In the film, these songs are accompanied and punctuated by exaggerated acting and dancing, resembling that of the displays of silent era films. Such acting incorporates acts of violence such as the whipping of laborers by suit wearing, blonde haired, Western capitalists and their Chinese friends. It is interesting that many scenes involve dancing girls pointing AK-47's. The songs and dances incorporated within the film convey raw revolutionary passion behind each song within the soundtrack.

Another important aspect of the sound in The East is Red is the voice over narration. Between each scene the narration describes the Chinese people's difficulties during each scene's time period, which helps uneducated spectators understand the film more easily.

Singers featured in the film include Wang Kun, Tseten Dolma, Hu Songhua and Guo Lanying.

Analysis

Composition
The East is Red, performed by little egret folk dance troupes, Department of Chinese folk dance, Beijing Dance Academy, is a representative work of group dance. In the beginning, the actors connect points and points, points and lines, and points and surfaces, which increases the level sense of dance in space. From 42 seconds part of the dance began to transform into a triangle, the neat dance and background music perfectly combined to create a tense atmosphere. The 1:04 part of the duet is to use the relationship between "point" and "face", to highlight the main body by arranging the position of the main body reasonably. From the perspective of plane space, the composition is a variety of figures formed by dancers. In order to reveal the theme and express abstract art, different "forms" have different functions. At 2:40, different points (high, low, front, and back) are designed to form a line. The connection between the weak area and the strong area creates a new image that is emphasized. It presents a magnificent historical scene in the plane space so that the audience can enjoy different characters.

Depiction of women 
Wang Ping, considered the first female director of the PRC period, produced and directed the film, establishing the female socialist authorship. Although there are more actors than actresses in the film, the women's image shows a more significant diversity than men's perceptions.

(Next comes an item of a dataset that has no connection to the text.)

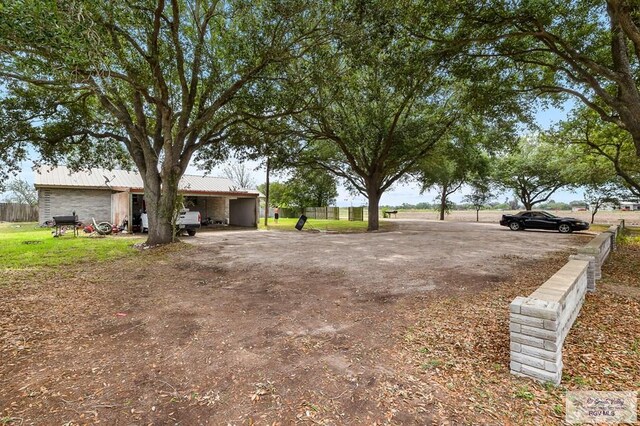 view of yard featuring a carport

There are three major types of women in general: armed women in the marching armies, tender women who prepare food and clothes for the military, and dancing girls who celebrate the victory of the army and party. In contrast, the male image seems to be singular and stereotypical - they are brave fighters. Moreover, some essential roles focus on kinships like mothers and daughters, while there is no image of fathers.

Image of ethnic minorities
The East is Red was the first occurrence of Han Chinese and ethnic minorities in China dancing together on the same stage. Many ethnic minorities are depicted happily singing and dancing, and are shown interacting with the PLA and CCP leaders, as shown in the meeting between Tseten Dolma and Zhou Enlai. For more than 40 years since then, the image of ethnic minorities has been defined by an image of harmony and characterized by displays of cultural artistry, such as the national costumes and dance depicted in the production, without much change. The expression of the image of China's ethnic minorities is closely linked with the expression of the image of the country. The state considers ethnic minorities be an integral part of China, and the unity and harmony of all ethnic groups have become the basis of the image of the country. Despite this narrative of ethnic unity, minority ethnic groups have come into conflict with the state.

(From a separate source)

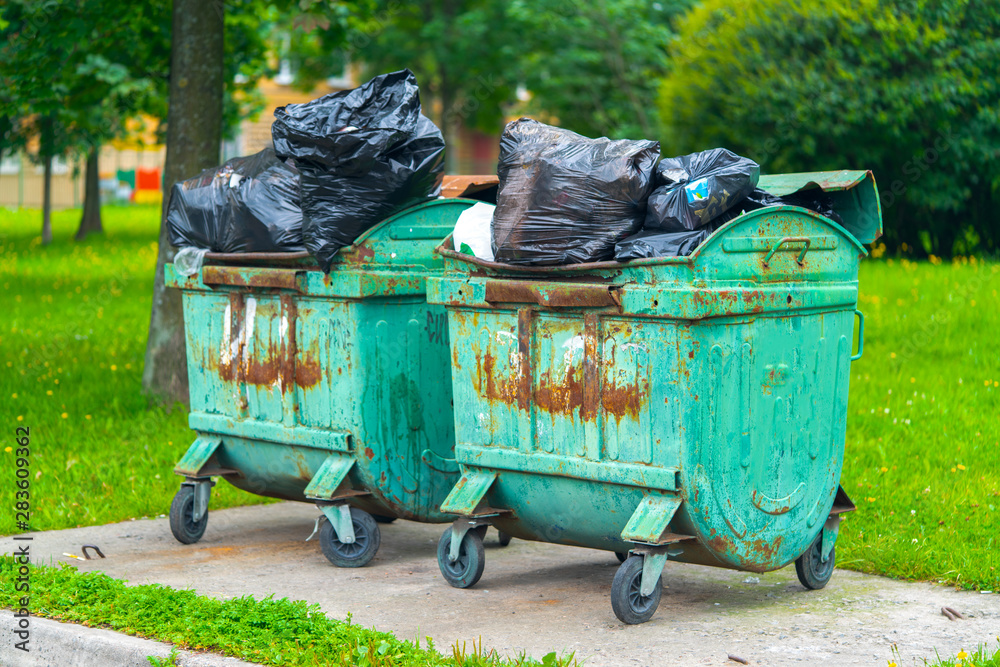 dumpsters on wheels old green rusty full of garbage packages dumpsters on wheels old green rusty full of garbage packages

Integration of national culture
The East is Red contains more than 30 songs in just over two hours, and many of these have been adapted from folk songs, reflecting the unity of all Chinese ethnic groups, but it is not a simple retro. For example, "Deep Feelings" is adapted from the folk tune of the Yi nationality, the song of the Yueqin. After being adapted into "Deep Love", there are not only the singing styles of folk songs but also the lyrics and revolutionary history. The integration of ethnic minority culture, Han culture, and revolutionary red culture awaken people's expectations and yearning for a better life enriches people's spiritual life and makes up for the lack of material life. For example, the lyrics of "Millions of Serfs Stand Up" can reflect the ethnic minority's abhorrence of the backward and miserable days and yearning for a new life. In the prelude "Sunflowers Face the Sun", the sunflower motif represents Chinese people of all ethnic groups, with Mao Zedong as the sun. This overall tone has specific political implications. Almost all the lyrics and recitation words have the keywords of red and black, new and old, light and dark, forming sharp contrasts.

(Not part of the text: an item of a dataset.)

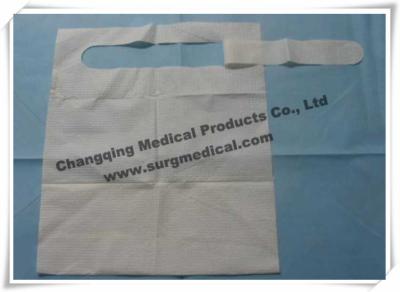 China Waterproof Dental Bibs 3 Layer / Disposable Paper Bibs With Pocket for sale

Brief explanation of the six stages
The first stage, "Dawn of the East", starts with a long dance segment depicting the "Years of Suffering" preceding the PRC from subjugation under foreign influences and social divide, showing the different kinds of sufferings experienced by the people. This stage features characters with distinctive personalities such as dockers, white-haired elders, and foreign invaders but it also borrows the folktale "River and River (江河水)" from the soundtrack. The melodies of the people are used to enhance the atmosphere as well as to fully express the reality of their miserable livelihoods. The last song of the stage "Workers, Peasants and Soldiers, Unite! (工农兵联合起来)" represents the unity of the oppressed people standing together to overthrow oppression.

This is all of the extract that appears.